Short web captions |
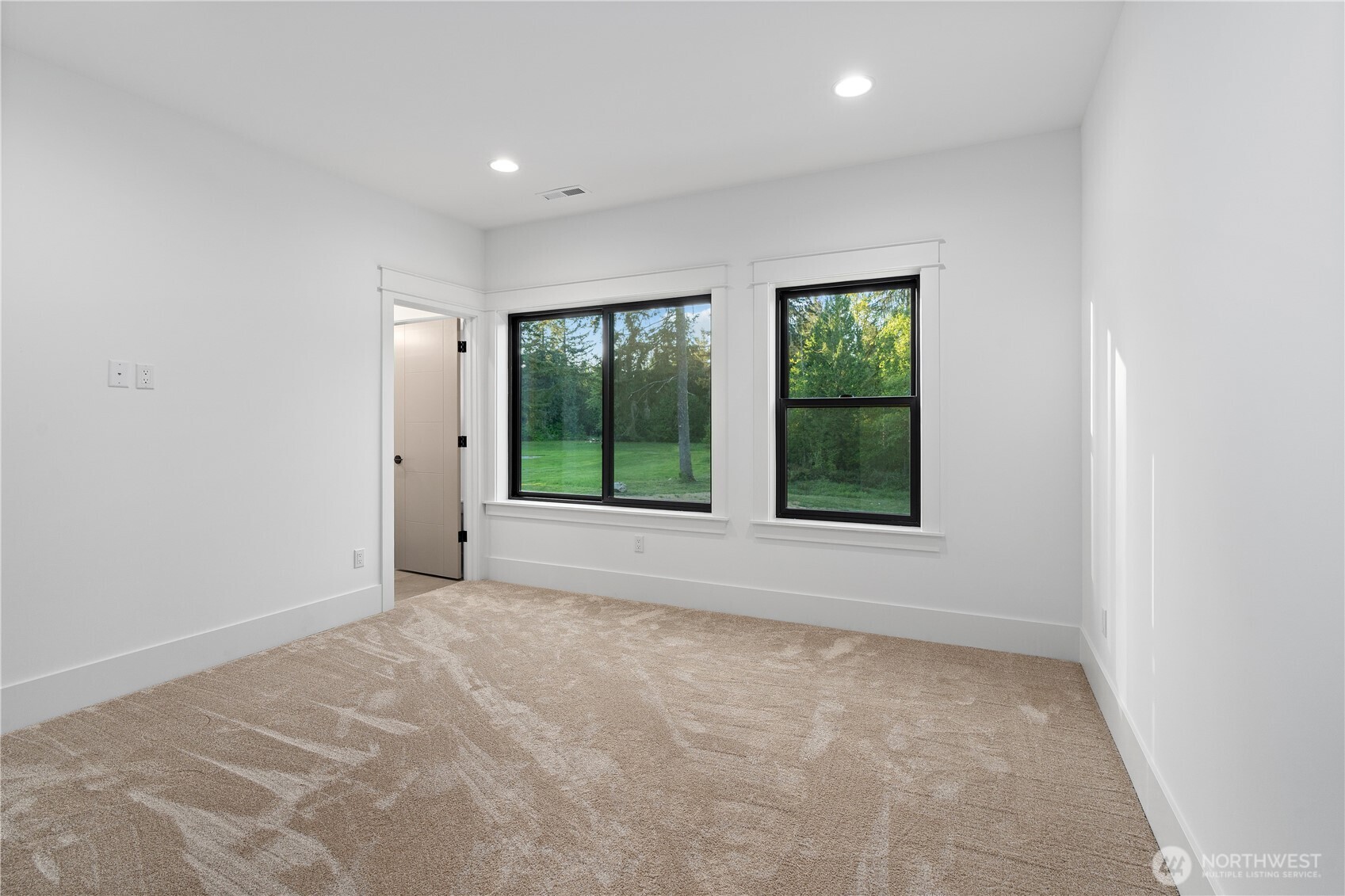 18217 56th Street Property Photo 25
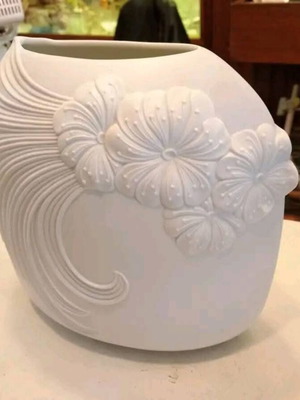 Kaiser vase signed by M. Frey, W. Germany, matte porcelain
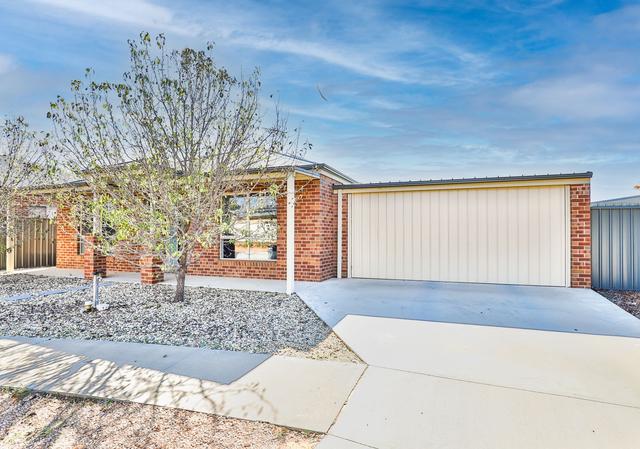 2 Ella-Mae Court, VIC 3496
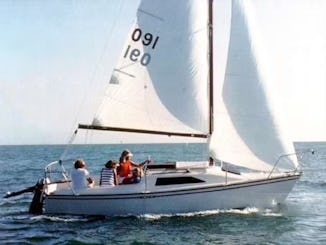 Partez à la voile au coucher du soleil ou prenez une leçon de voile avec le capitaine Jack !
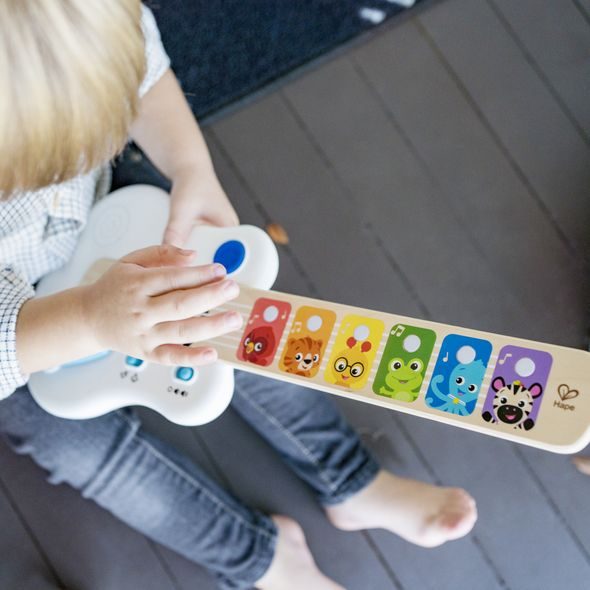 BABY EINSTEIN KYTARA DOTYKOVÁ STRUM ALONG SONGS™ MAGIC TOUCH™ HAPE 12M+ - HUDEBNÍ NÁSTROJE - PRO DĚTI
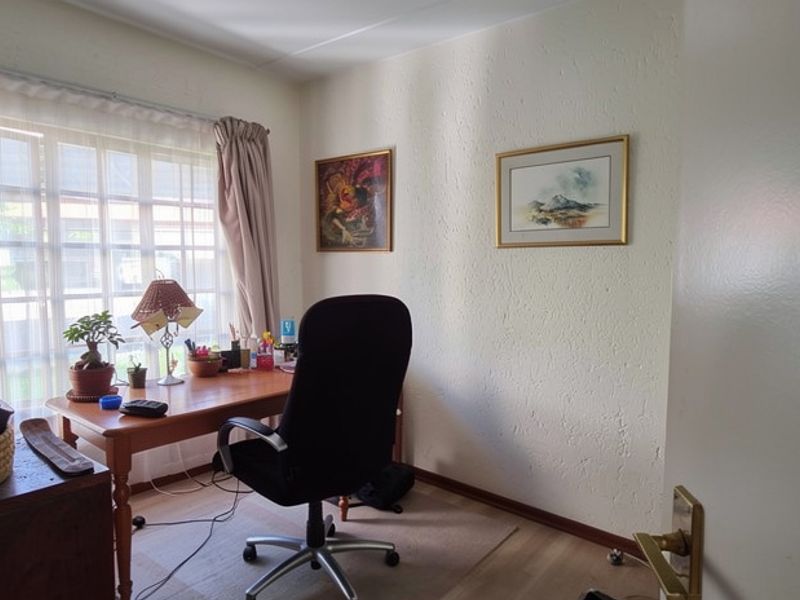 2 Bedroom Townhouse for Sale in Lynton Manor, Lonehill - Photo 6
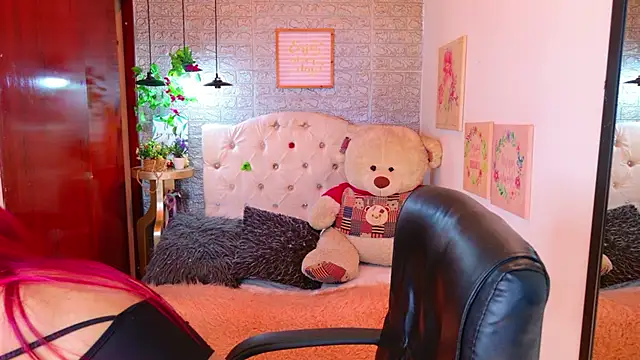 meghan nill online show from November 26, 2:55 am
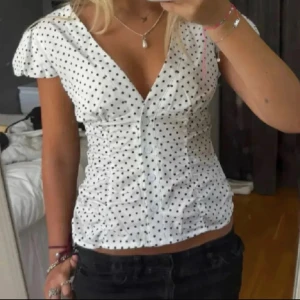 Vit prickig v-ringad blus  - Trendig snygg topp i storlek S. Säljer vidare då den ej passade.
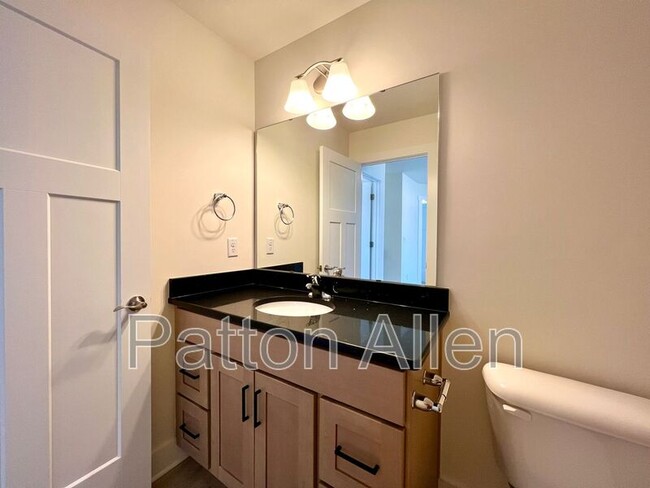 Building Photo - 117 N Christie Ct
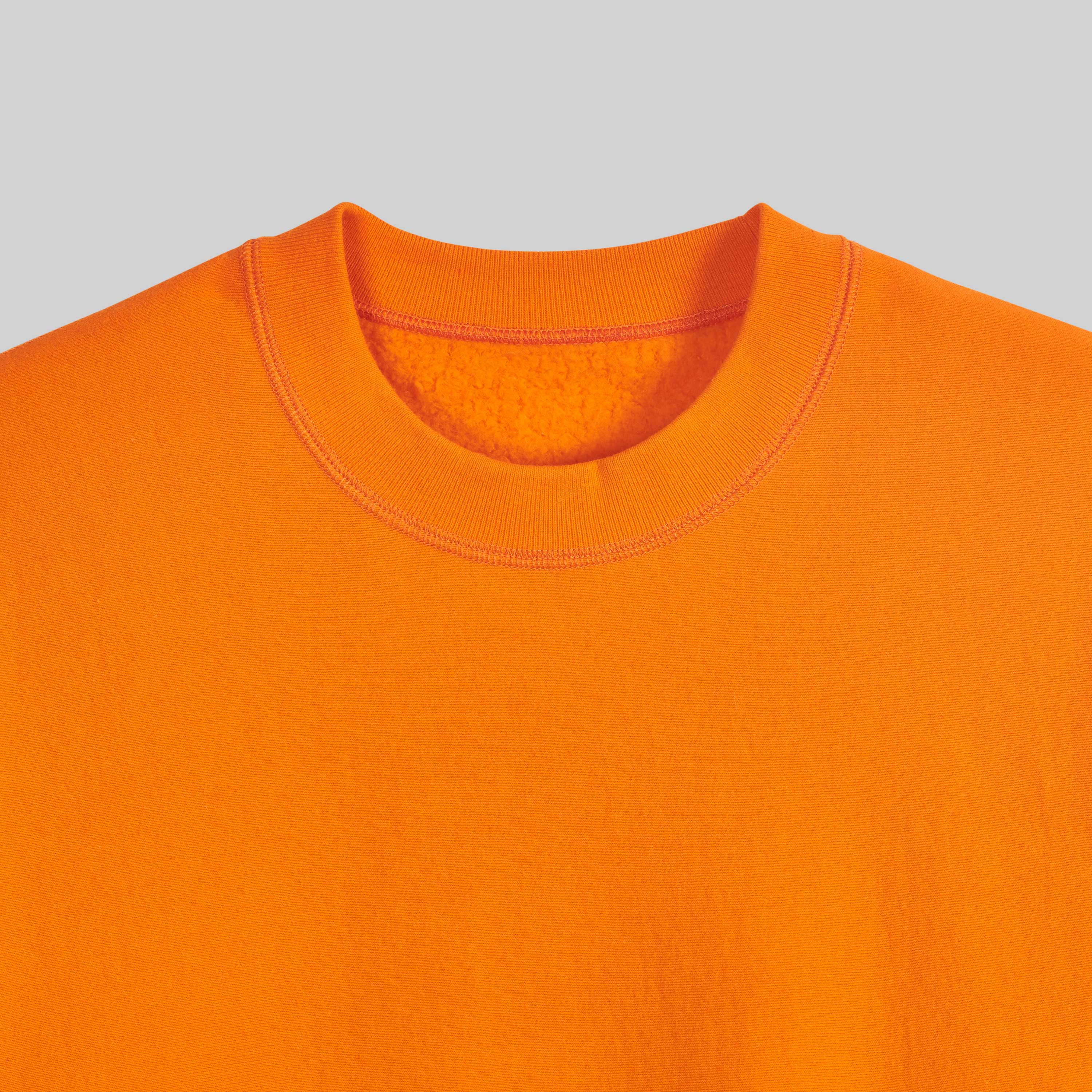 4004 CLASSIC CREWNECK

What is needed | Would you write out exactly the lines of the data from the one holding "meghan nill online" to the final line, both included, with pictures left out?

Solution for this task |
 meghan nill online show from November 26, 2:55 am
 Vit prickig v-ringad blus  - Trendig snygg topp i storlek S. Säljer vidare då den ej passade.
 Building Photo - 117 N Christie Ct
 4004 CLASSIC CREWNECK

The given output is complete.